Quelques minutes plus tard ils étaient en marche et malgré la neige profonde et les buissons inextricables, ils arrivèrent à Volkovo (bâtie sur une colline surplombant le fleuve) après la tombée de la nuit.

Les villageois, tout heureux de l’aide qui leur arrivait, accoururent faire bon accueil au prince et le forcèrent ainsi que ses hommes à manger avec eux ; mais Vladimir n’avala que quelques bouchées tant il avait hâte de partir à la chasse.

Il plaça, en quelques instants, ses compagnons en sentinelle çà et là parmi les buissons, tout autour du village, aux endroits où l’ours passerait probablement et il donna ses ordres : le premier qui apercevrait la bête, sonnerait instantanément du cor, pour avertir le reste de la troupe.

Le Prince avait choisi pour son poste — comme d’habitude — la place la plus dangereuse — un trou profond, étroit, obscur, entre deux énormes talus couverts de buissons. Beaucoup d’hommes n’auraient pas accepté cette place, car là il n’y avait point de chance d’échapper à l’ours ; mais Vladimir, d’un autre côté, la choisit parce qu’elle ne donnait aucune chance à l’ours de lui échapper, à lui.

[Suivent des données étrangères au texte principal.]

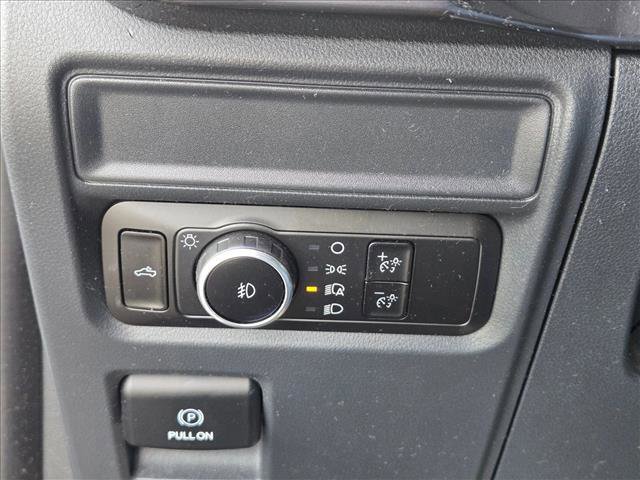 Certified 2023 Ford F150 XL w/ STX Appearance Package image 10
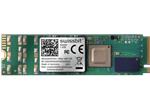 Swissbit N3x Industrial M.2 PCIe Solid State Drives (SSDs)
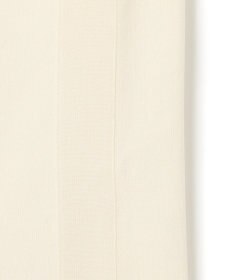 BEIGE， NADIA / 異素材ライン ストレッチニットスカート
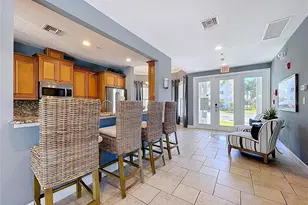 7730 34th Ave W, Bradenton, FL 34209 - Photo 66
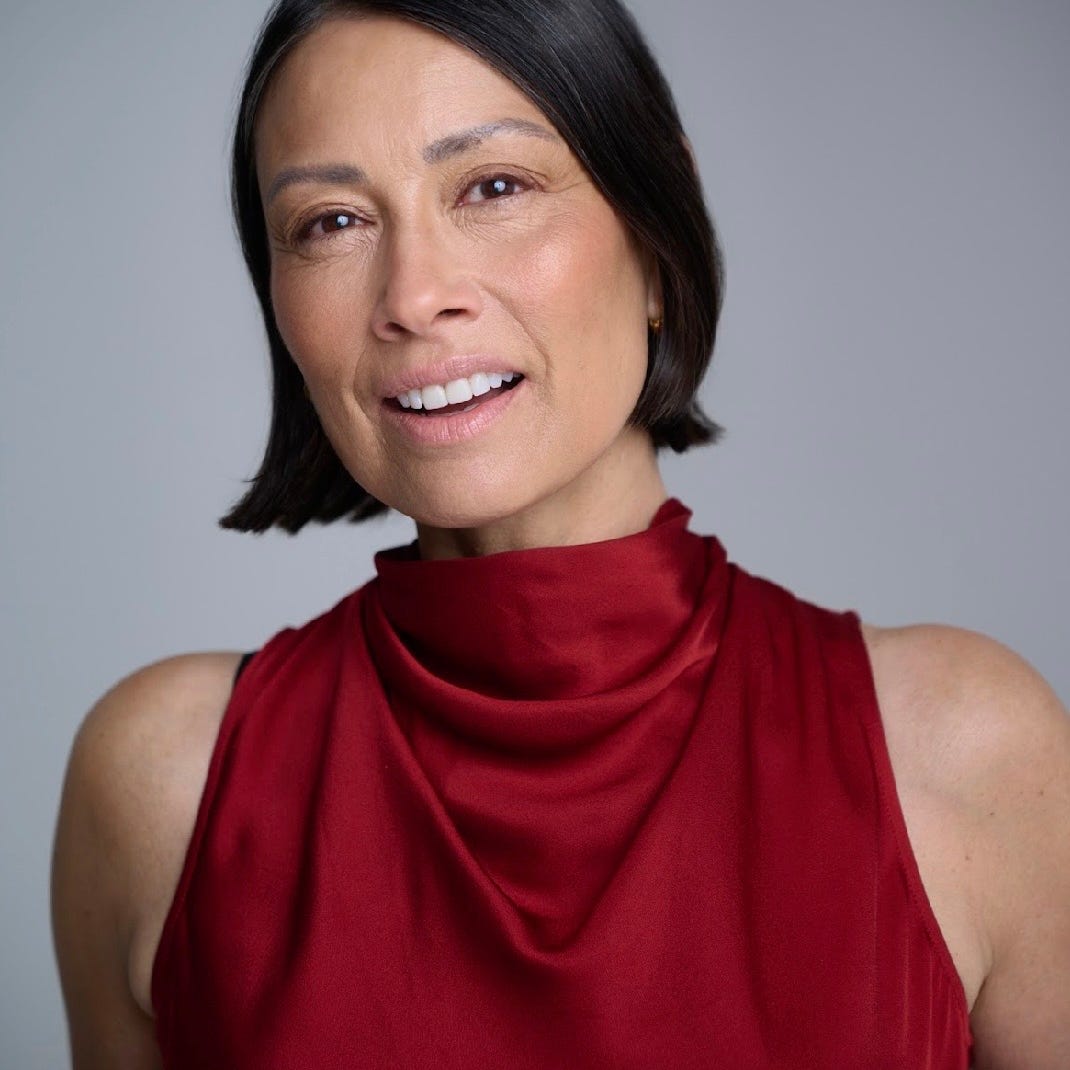 Melanie Sykes Writes. logo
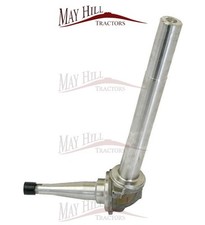 LH Spindle Stub Axle for Fordson Dexta & Super Dexta Tractor
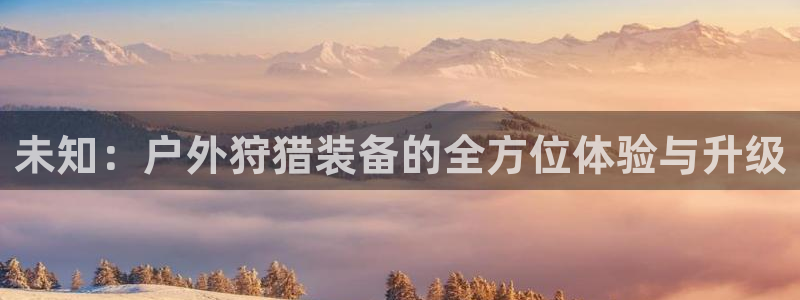 宝GG账78778新宝GG俪78778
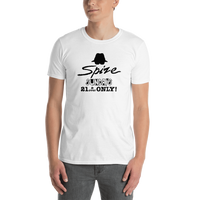 Spize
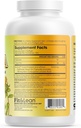 fit-lean-n-cla-weight-loss-supplement-re-3.jpg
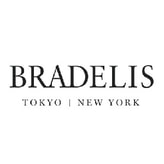 Bradelis New York coupon codes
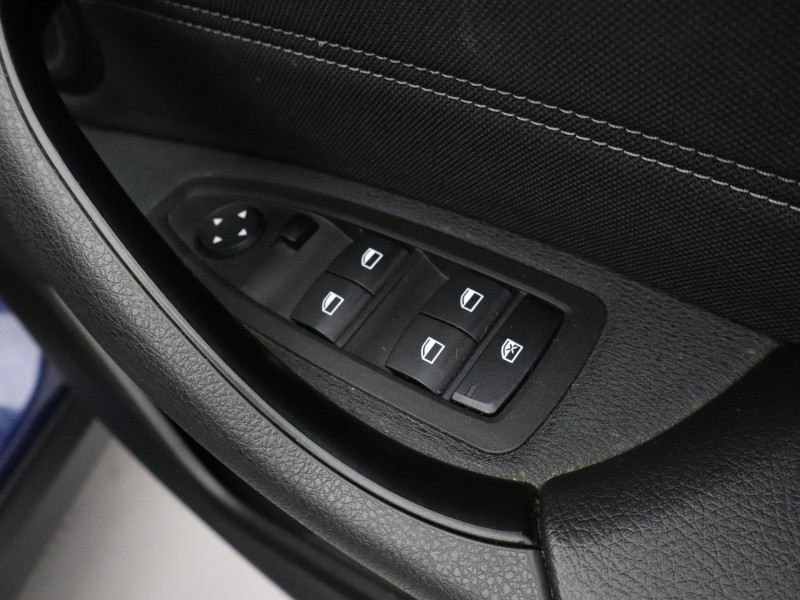 2023 (23) BMW X2 sDrive 20i [178] Sport 5dr Step Auto 5242038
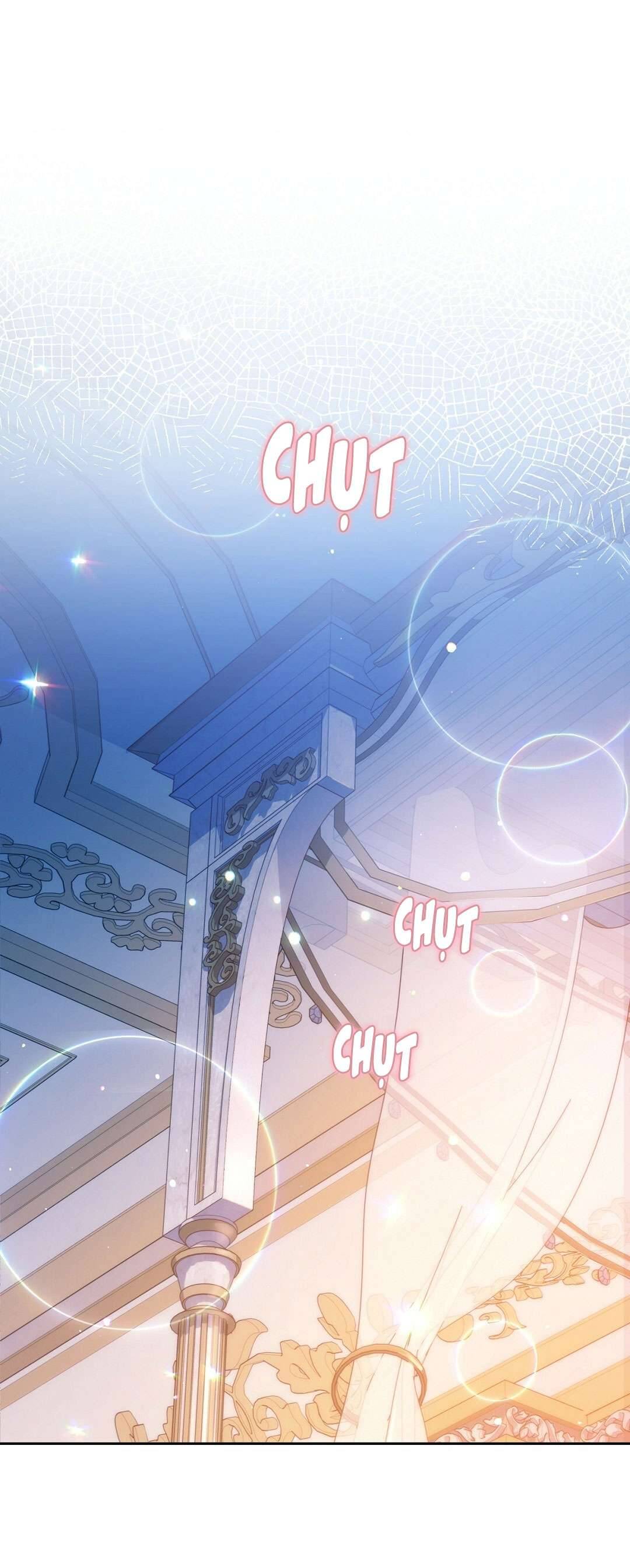 Công Tước Hát Rong Chapter 28 - Trang 3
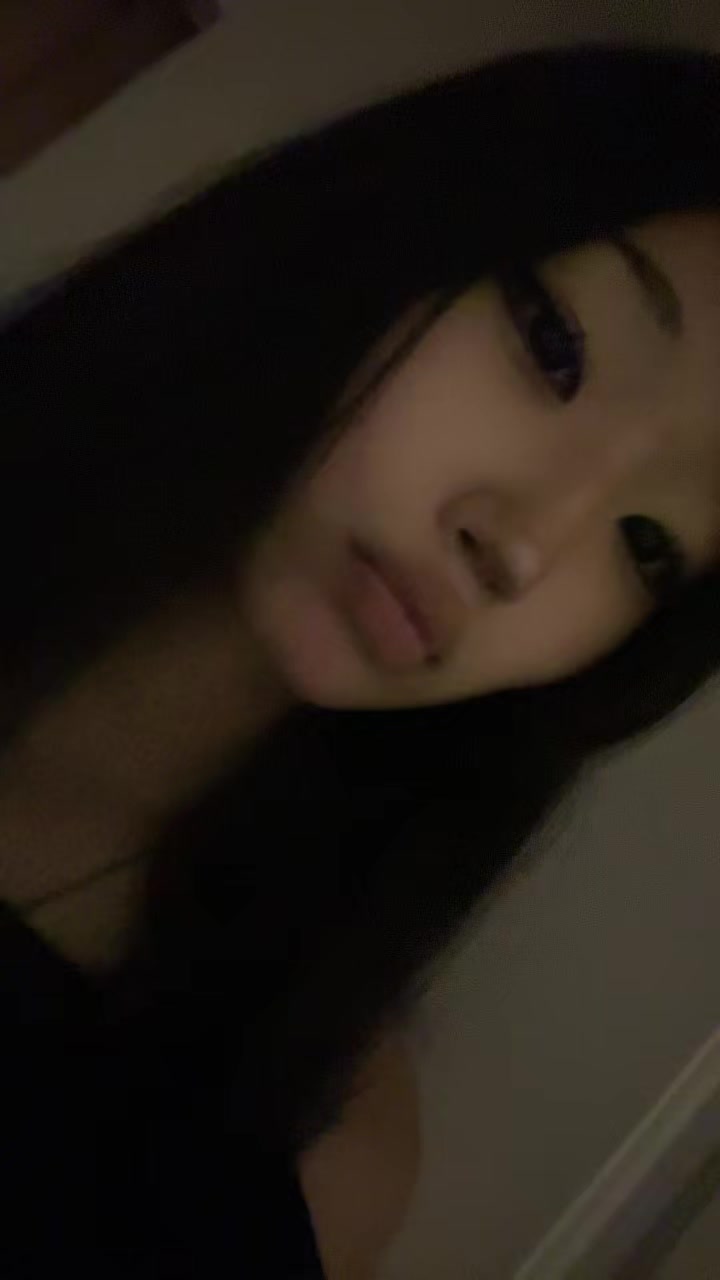 @e.nrl0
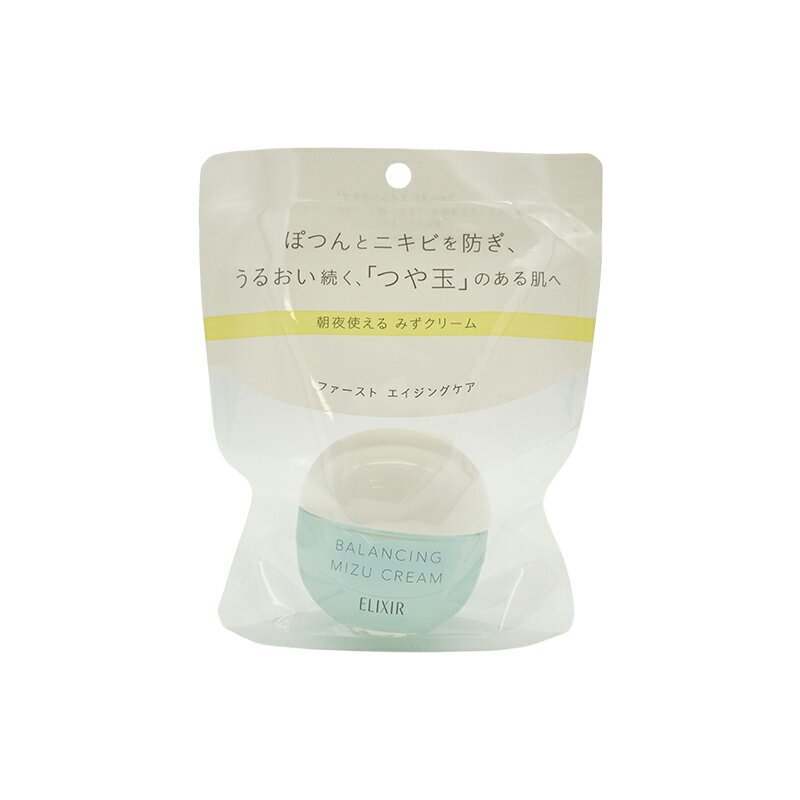 21㤨ELIXIR ꥯ ե Х󥷥 ߤ꡼ 60g եå֡ι [եȥåԥб]פβǤʤ1,939ߤˤʤޤ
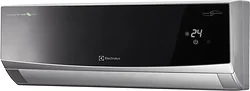 Сплит-система Electrolux Air Gate Super DC Inverter EACS/I-18HG-BLACK2/N8 Сплит-система Electrolux Air Gate Super DC Inverter EACS/I-18HG-BLACK2/N8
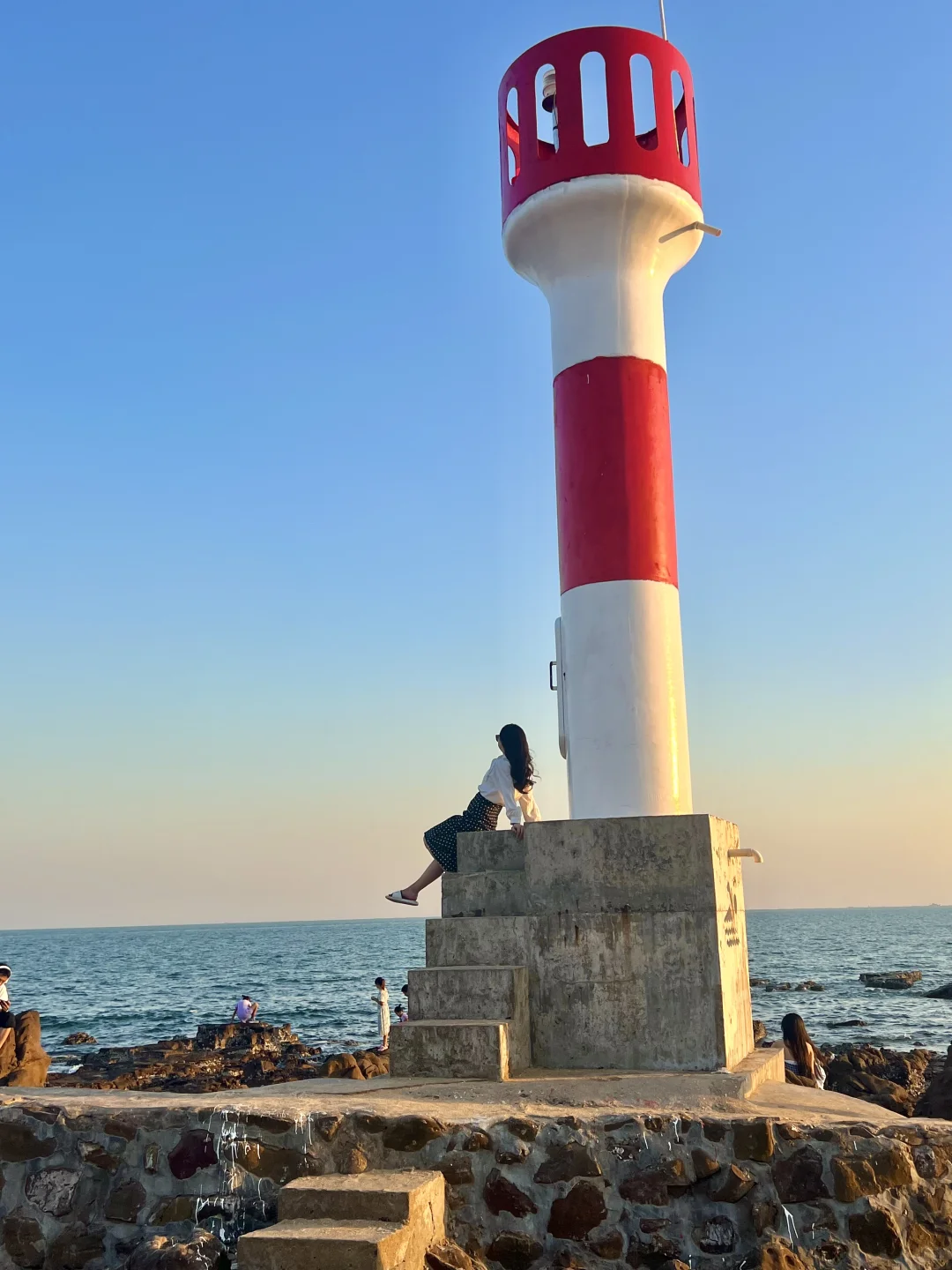 防城港已回，坚决不删！！！能劝一个是一个……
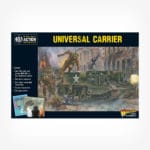 OTT-402011008_Universal_Carrier_box_front-(New)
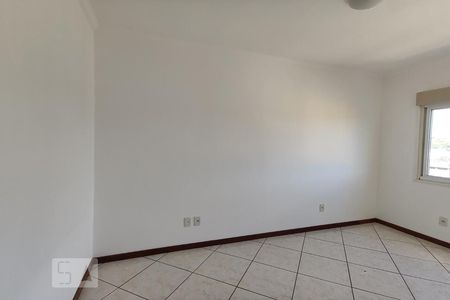Apartamento para alugar com 50m², 2 quartos e sem vagaQuarto 2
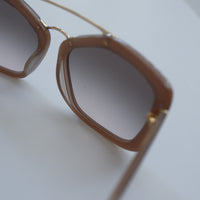 PRADA SUNGLASSES 32
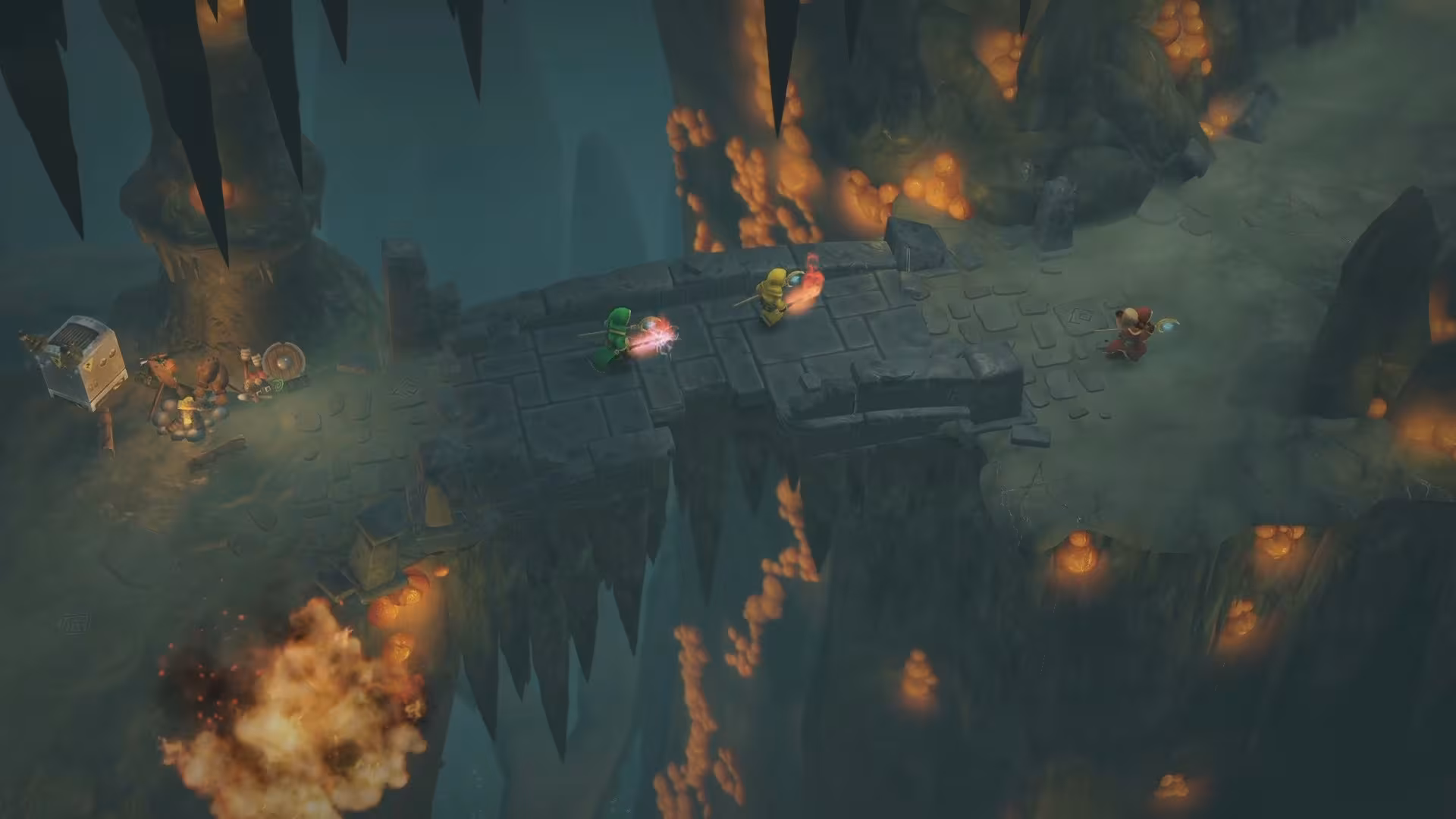 Magicka 2 - magicka-2_4.avif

Comme il se tenait là en pleine obscurité, sa fidèle épée tenue à deux mains, attendant l’arrivée de son terrible ennemi, on pouvait croire que Vladimir ne pensait qu’à son adversaire. Mais sa pensée voguait au loin, vers l’absent, vers Sylvestre. Il tentait de la ramener sur d’autres matières, mais chaque fois, obstinément, elle revenait au moine jusqu’à ce que le Prince, finalement, commença à se sentir inquiet, et à croire que quelque accident était survenu à son ami durant son long voyage solitaire à travers la tempête et la neige.

Chut ! Quel est ce faible bruissement, dans l’ombre épaisse des buissons ?

Au moment où les fines oreilles de Vladimir le perçurent, toutes les pensées qui le harcelaient s’enfuirent. L’ours arrivait enfin ! Le grand soldat s’établit fermement et se tint prêt à frapper.